Filter the records down to the lines that hold the word "against", and copy each of those lines.

_Records for processing_

* * *

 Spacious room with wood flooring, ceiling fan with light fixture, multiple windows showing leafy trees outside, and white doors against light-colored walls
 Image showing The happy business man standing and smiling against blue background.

* * *

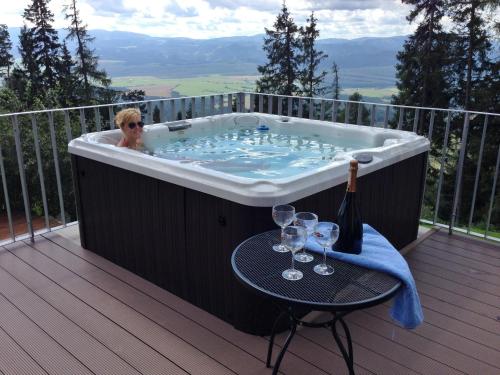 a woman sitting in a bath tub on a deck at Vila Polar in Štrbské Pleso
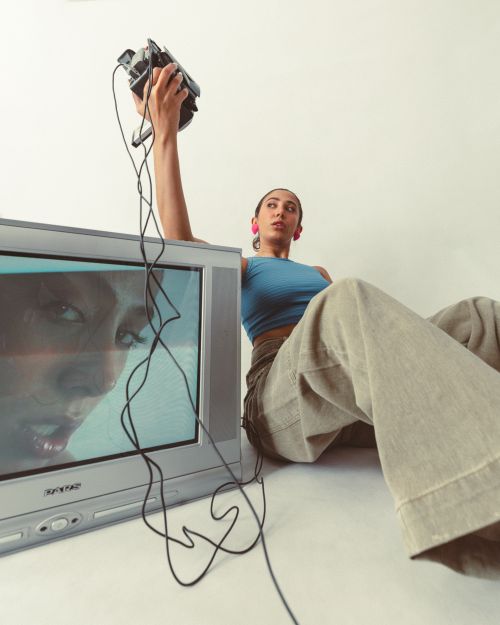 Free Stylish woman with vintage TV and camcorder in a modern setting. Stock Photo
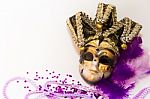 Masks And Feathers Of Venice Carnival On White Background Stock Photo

* * *

_Written solution_
 Spacious room with wood flooring, ceiling fan with light fixture, multiple windows showing leafy trees outside, and white doors against light-colored walls
 Image showing The happy business man standing and smiling against blue background.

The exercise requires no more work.